At present, changes of autonomic nervous system in AN are not univocally reported: some studies showed a parasympathetic/sympathetic imbalance with parasympathetic dominance and decreased sympathetic modulation; other studies described sympathetic dominance; and a small but not negligible group of papers could not identify any autonomic differences in comparison to control samples [24]. Differences in the previous studies maybe partially due to differences in the method of measurements and in the characteristics of patients. First, as pointed out in the “Introduction”, parasympathetic/sympathetic balance is influenced by anxiety and depression of subjects. Correlating HR and HRV parameters with parameters measuring stress of patients might be useful in the future to clarify the role of these co-morbid states in HRV changes. In addition, only two studies have been performed on adolescents [13, 22]. In both studies, the authors found an increased RMSSD, SDRR and HF and a decreased LF/HF. The results of these studies confirmed by ours suggest that, at least in adolescence, there is a parasympathetic prevalence of autonomic function in anorexia. Lower HR in AN group also confirms the result of increased parasympathetic activity. This physiological response in AN patients could be considered as a possible mechanism of compensation to starvation to reduce energy consumption [46] and also as a protective factor for arrhythmic risk [47].

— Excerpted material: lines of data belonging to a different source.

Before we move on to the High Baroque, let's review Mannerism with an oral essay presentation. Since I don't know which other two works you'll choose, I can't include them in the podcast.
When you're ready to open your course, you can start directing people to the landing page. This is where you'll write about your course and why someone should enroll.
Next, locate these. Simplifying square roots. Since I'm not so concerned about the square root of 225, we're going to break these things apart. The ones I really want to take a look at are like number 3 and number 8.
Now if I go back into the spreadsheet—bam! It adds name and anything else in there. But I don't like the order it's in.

The agreement between the results of the present study with previous findings on adolescent girls with AN strengthen the clinical validity of our technologies in assessing HR and HRV in anorexia.

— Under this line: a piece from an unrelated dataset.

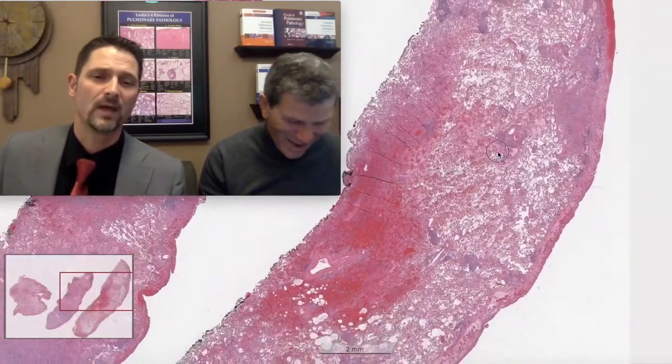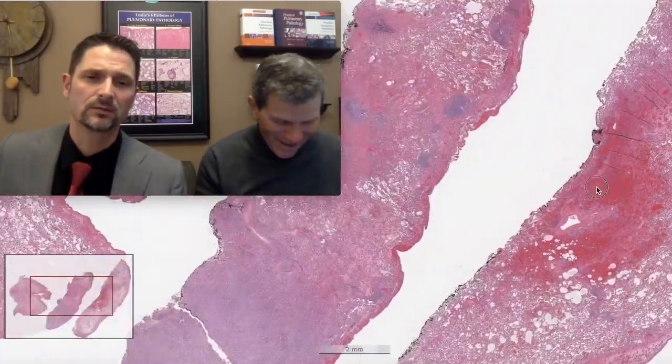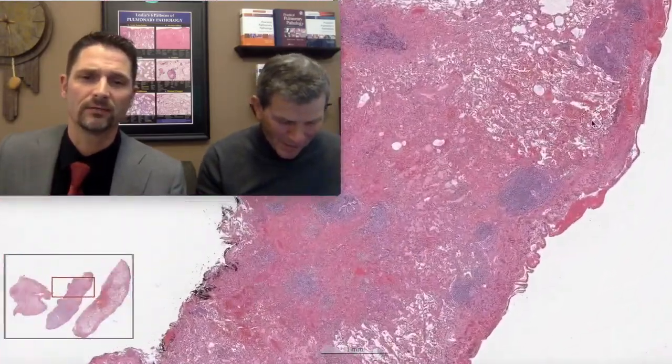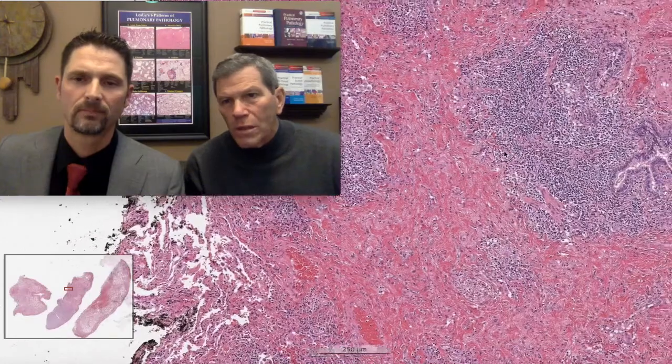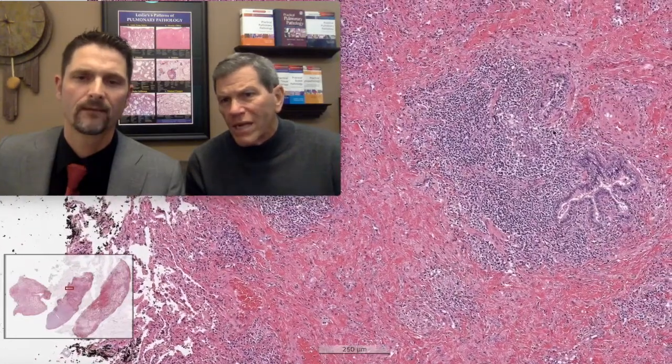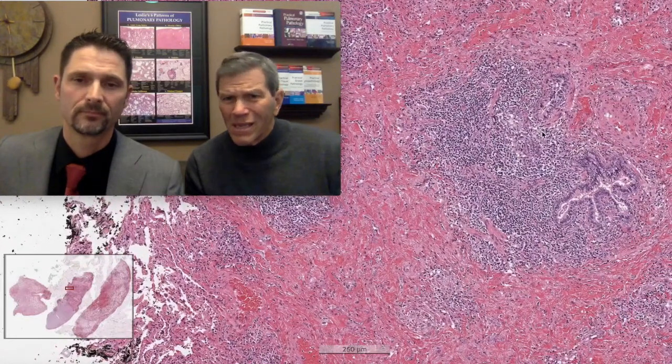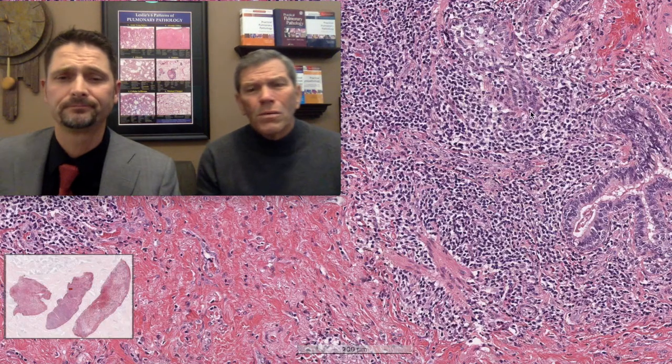Away from the nodule, what else do we have in here? We've got some smaller lymphoid aggregates next to airways — that kind of looks like a bronchiolitis, a nodular chronic bronchiolitis. No follicles though, so I don't think it's follicular bronchiolitis. That was on the list, and I'm not seeing that.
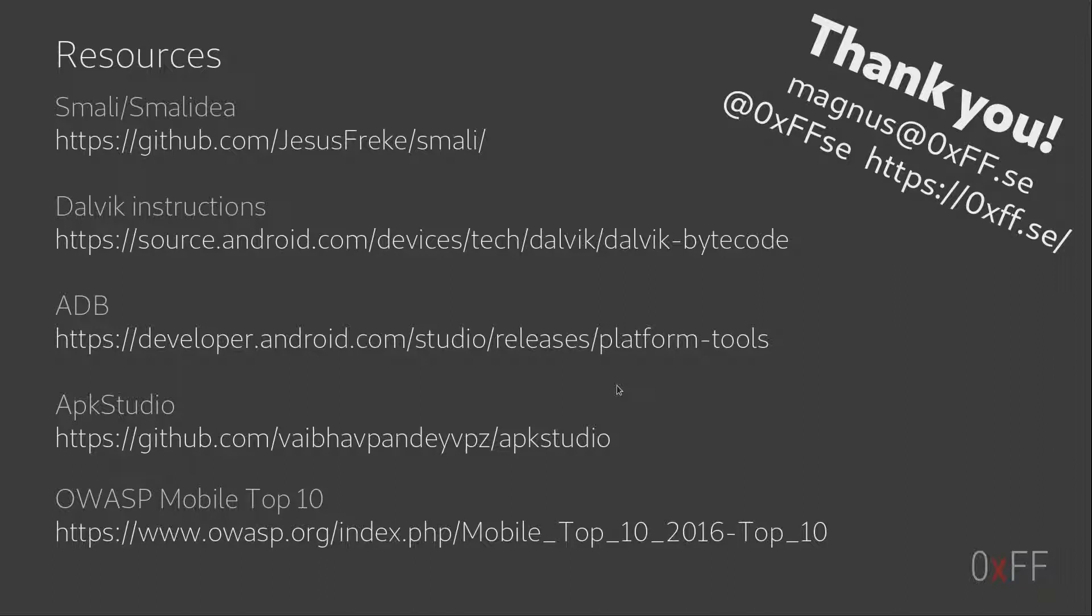So yeah, I think that was it for this time. So here are some of the resources that I was talking about during the talk and yeah, thank you very much.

Since still HRV assessment represents a tool for evaluation of AN subjects who are at increased arrhythmic risk, recent papers warrant the use of new methodological approaches for a more thorough comprehension of the autonomic system in this specific high-risk group of patients [24]. In this respect, the use of wireless technologies may represent a completely new approach for HRV assessment in AN.

These technologies provide a more naturalistic and unobtrusive way of recording with respect to standard method; this is particularly important in patients with a reduced compliance to medical evaluations, such as AN and in particular young patients. In addition, this technical opportunity could also provide a better understanding of the physiological phenomenon, since a large amount of data (more than with conventional ECG recording) can be collected, thus providing the substrate for a more extensive medical interpretation and possibly offering a personalized therapeutic model of intervention.

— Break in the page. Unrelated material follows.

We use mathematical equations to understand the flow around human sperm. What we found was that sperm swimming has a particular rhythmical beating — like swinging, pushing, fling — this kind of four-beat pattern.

This study was aimed to test the feasibility of wearable technologies in a pathologic condition not previously studied with this new approach and characterized by high mortality. The promising results obtained in a quite ambulatory room may foresee the use of wearable systems for signal acquisition of cardiovascular parameters also in a natural environment like home setting, without interferences and possible pitfalls due to the use of wires. Thus, future research on the possible shifting from invasive approaches (e.g. multi-electrodes ECG holters) to minimally invasive techniques for the extraction of physiologic parameters during daily life is warranted for a simpler, more natural, and less stressful monitoring of young adolescents.

Limitations of the study

The main limitation of the study is represented by the lack of a head-to-head comparison between chest strap-derived ECG parameters and 24 h ECG Holter monitoring. However, since the chest strap equipment has been previously validated in healthy subjects and used in pathologic conditions, it was considered reliable also in the population that was particularly not compliant in terms of additional long-lasting recordings. Moreover, we did not investigate laboratory data in controls. However, only one AN girl had a borderline serum potassium level and another one a borderline TSH level, which could have influenced the results. Finally, a relatively small sample size of the subjects may represent another limitation of the study.